Las conocía bien y sabía dónde encontrarlas. Las recogía con
mimo, cortándoles el tallo con una navaja especial, retirándoles la
tierra con una brocha. Su cesta no tardaba en llenarse, sobre todo de
níscalos, muy frecuentes en la zona. En las tiendas del pueblo se
las quitaban de las manos, ya que eran muy bien recibidas por los
turistas de domingo. En un pequeño cuaderno de tapas rojas anotaba
con esmero las especies, la cantidades y el dinero obtenido. Quién
le hubiera dicho años atrás que una afición como esa lo iba a
sacar de más de un apuro económico. Él, que estaba llamado a ser
un hombre importante, como le recalcaba su padre una y otra vez
durante su infancia y juventud. Pero el joven ingeniero Aurelio,
llamado a dirigir la empresa familiar, sufrió un percance
inesperado. Una mañana, mientras su cara recibía la caricia del
agua de la alcachofa como si se tratara de una lluvia mágica, el
champú, juguetón, escapó de su envase, deslizándose por el suelo
como una serpentina hasta acariciar el pie derecho de Aurelio que,
sorprendido, resbaló haciendo pegar a su dueño con la nariz en el
grifo primero y contra la pared después. Muerto de dolor,
desorientado, con la visión nublada por el gel de baño, salió de
la ducha, patinó y fue a dar con la cabeza contra el lavabo. El
sanitario se rompió y un trozo de cerámica le penetró en el
cráneo. Una operación de nariz logró recomponer el estropicio,
pero la cabeza de Aurelio ya no volvió a ser la misma y las palabras
se negaron a salir de su boca. Muerto el padre y sin más familiares
que los necesarios para arrebatarle su fortuna, Aurelio se vio solo,
sin más bienes que una pequeña casa que le dejaron como quien dona
una limosna. Contaba también con una pensión de invalidez que
complementaba con la recogida de setas, nueces, avellanas, castañas,
espárragos trigueros y pequeños trabajos de artesanía.
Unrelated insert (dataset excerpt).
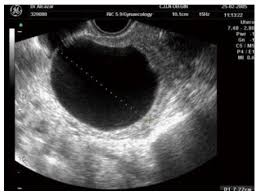 Callen's ultrasonography in obstetrics and gynecology. Ovarian Simple Cysts In Asymptomatic Postmenopausal Women Detected At Transvaginal Ultrasound A Review Of Literature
Le
encantaba pintar tazas con paisajes de una naturaleza extraña de
hierba roja y árboles azules, de montañas nevadas a los pies y
limpias en la cima, de ríos secos y cascadas surgiendo de las nubes.
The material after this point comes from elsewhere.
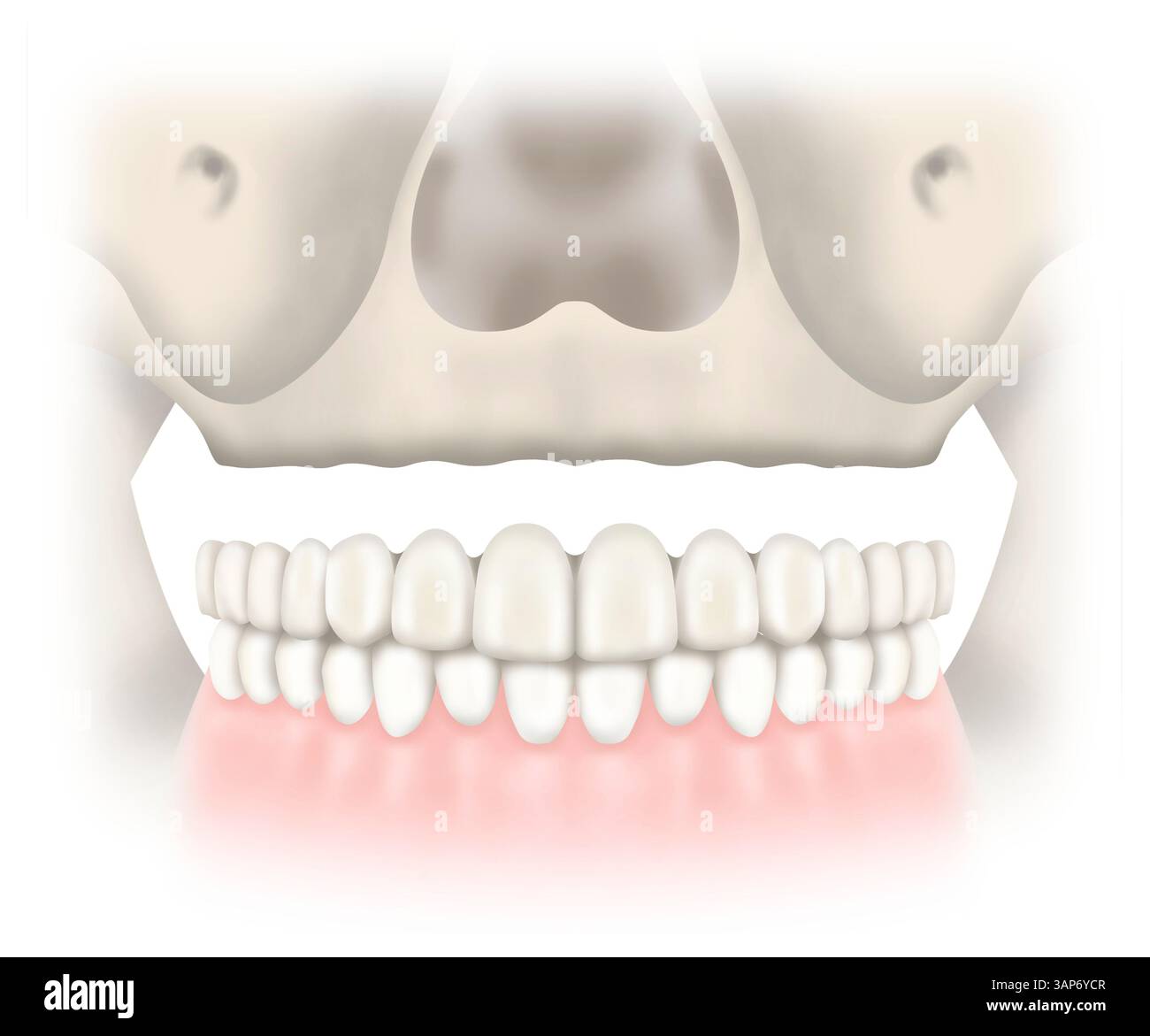 Resorbed maxilla (upper jaw) with composite defect, illustration. A ...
Tazas que entusiasmaban a los turistas de domingo, así como sus
tallas de madera en las que los pájaros no tenían alas y los osos
tenían picos, los caballos andaban a tres patas y las gallinas a
cinco.
Pasaron
unos años en los que Aurelio disfrutó de su vida tranquila en la
que había sido la casa de sus abuelos, hasta el día que llegaron
los atracadores de setas.
Unos
decían que venían de Rumania. Otros de Bulgaria. A Aurelio no le
importaba su procedencia, pero sí que se llevaran sus setas y sobre
todo que las trataran tan mal, arrancándolas de cuajo. El primer
año, desconcertado, no supo qué hacer. Se limitó a mirar cómo
esos hombres extraños le arrebataban sus setas y las introducían en
furgonetas para venderlas lejos de allí. Ese otoño apenas hubo
apuntes en el cuaderno de tapas rojas. El invierno fue el más largo
y triste de la vida de Aurelio, hasta que decidió entretener la
espera elaborando un plan.
El
otoño siguiente aparecieron de nuevo las furgonetas como una
procesión de hormigas. De los vehículos fueron saliendo bandadas de
hombres dispuestos a esquilmar el bosque. Se internaron en él pero,
de repente, se encontraron con el vacío. El suelo había
desaparecido bajo sus pies. La mayoría quedaron atrapados en un
trinchera, ancha y profunda, cuyo suelo era un lecho de erizos de
castañas. Los que se habían librado retrocedieron asustados. Una
red surgida de la nada les cortó el paso y perdido el equilibrio
acabaron cayendo sobre sus compañeros de aventura. Tan solo unos
pocos lograron escapar a toda velocidad en sus furgonetas, dejando a
sus compinches llenando el aire de quejidos y lamentos. En el pueblo
se cerraron puertas y ventanas; mejor no saber nada cuando llegaran
las preguntas. Aurelio, con una sonrisa en los labios, se sentó ante
su mesa de trabajo y comenzó a pintar con primor una serie de tazas.
Los turistas de domingo no tardarían en aparecer.